ET: What is your advice to one preparing for the even bigger data explosion that is yet to come?
KS: It is necessary to be prepared before the avalanche dawns. The internet of things is bound to increase data manifold. Organizations have to realize that this information is an asset and therefore needs to have a proper infrastructure strategy and organization structure in place for information management. Organizations have to assess the competencies available internally and build as necessary to respond to the potential opportunities. Organizations should be keenly following the path tread by other industries and look out for cases that may have parallels in their own business. Big Data initiatives are not just for IT, business leaders need to be intimately involved and therefore communicating the organizations Big Data strategy to all stakeholders is extremely important. Organizations will have to develop a data culture wherein insights from facts are valued and at the same time recognize the human frailty in discovering such sights. Finally, while it is necessary to be opportunistic, it is also important to ensure social etiquette is not breached to avoid any kind of embarrassment to individuals or bring disrepute to the organization.
ET: Sears India has come a long from starting operations in 2009 to what it is today.
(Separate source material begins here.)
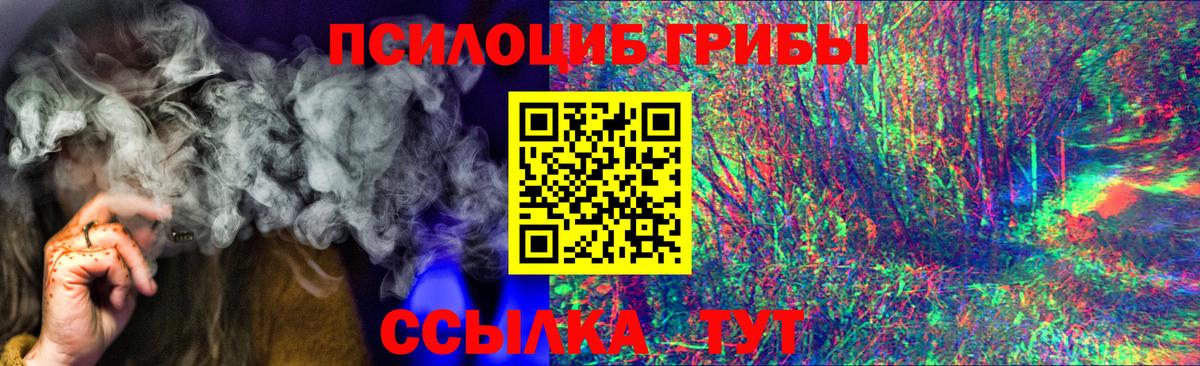 купить наркоту  Вход с VPN  Сланцы  Псилоцибиновые грибы мицелий  Галлюциногенные грибы мицелий 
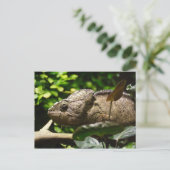 Furcifer oustaleti briefkaart (Staand voorkant)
Could you please share some insights about your firm and how your company operates in the Big Data arena?
KS: Sears India is a global in-house centre for the parent company, Sears Holdings Corporation, headquartered in Hoffman Estates, Illinois, USA.
Sears India started on its Big Data journey back in 2011. Since then, we have done pioneering efforts in this technology, ranging from legacy modernization, to replacing traditional ETL, pricing analytics to doing real-time processing and reporting. We started with modernizing executive information system from a legacy to Big Data platform. There were few other efforts that were started in parallel and one that blossomed into a sizeable program was our legacy modernization effort. This program was primarily run from Sears India wherein we were migrating our core business applications to the newer Hadoop platform. This program helped the parent organization save millions of Dollars on a year-on-year basis and at the same time help build a very strong Big Data competency within the organization. We have proven a very strong use case for deriving operational efficiency by using Big Data technologies. One of the Gartner studies says that 51% of the organizations are leveraging Hadoop for process efficiency and cost reduction. During the last couple of years, Sears India has successfully implemented multiple projects on Hadoop platform within core systems, supply chain, point-of-sales, pricing, marketing and online business units. Big Data is an integral part of our technology landscape. Sears India has demonstrated to be more than an able partner to our parent organization and has certainly stolen a march over other organizations in India, in this emerging technology.